Set down the line containing "Jolanta - 20M" and each line after it through the last line of the records, exactly, leaving pictures out.

[Source data]
►

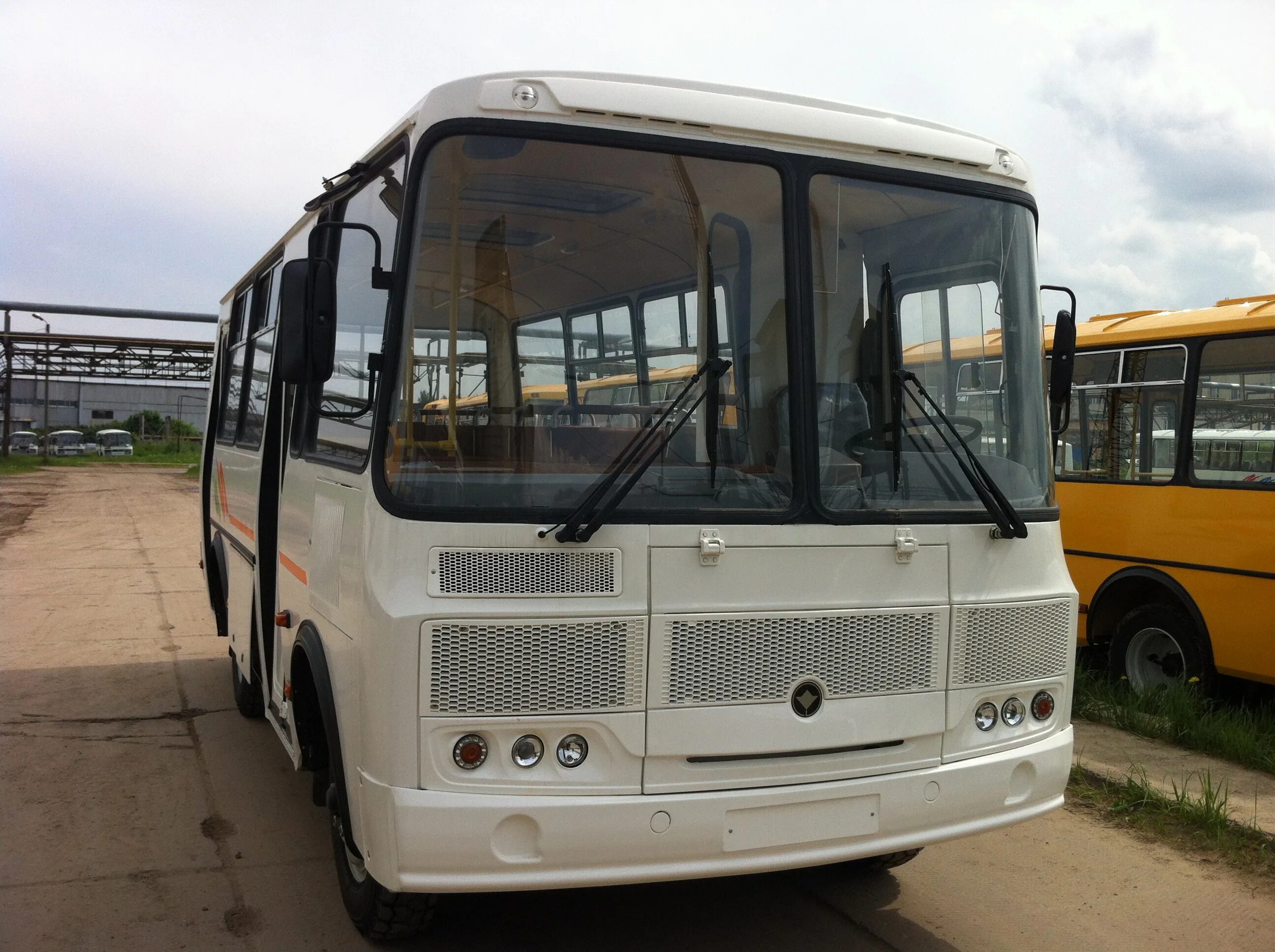 ПАЗ-3205 новый. Автобус ПАЗ 3205 новый. ПАЗ 3205 пассажирский. ПАЗ 32054 спереди.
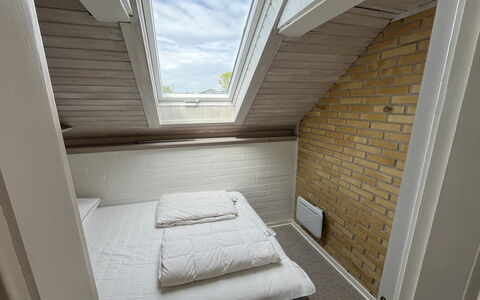 Jolanta - 20M from the Sea: Wand, Holz, Interior Design, Fussboden, Decke, Flooring, Schlafzimmer, Bett, Zimmer, Bedding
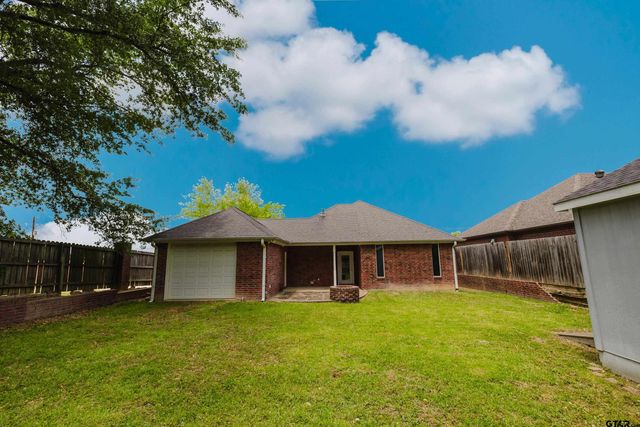 2801 Valley View Dr, Tyler, TX 75701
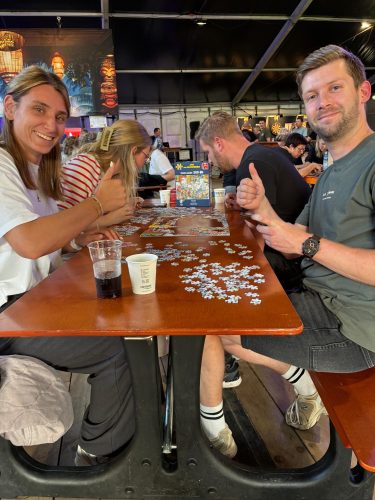 Kermiskantine: Darten, Puzzelen en Borrelen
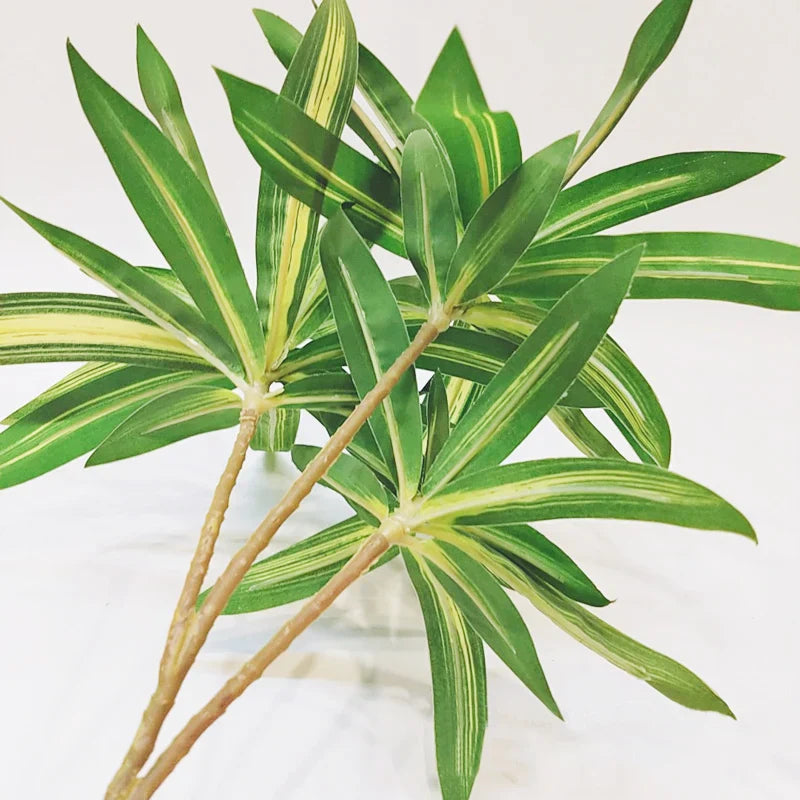 Dlight Decor 75cm Palm Tree with Real Touch Leaves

◄

• [Expected answer]:
 Jolanta - 20M from the Sea: Wand, Holz, Interior Design, Fussboden, Decke, Flooring, Schlafzimmer, Bett, Zimmer, Bedding
 2801 Valley View Dr, Tyler, TX 75701
 Kermiskantine: Darten, Puzzelen en Borrelen
 Dlight Decor 75cm Palm Tree with Real Touch Leaves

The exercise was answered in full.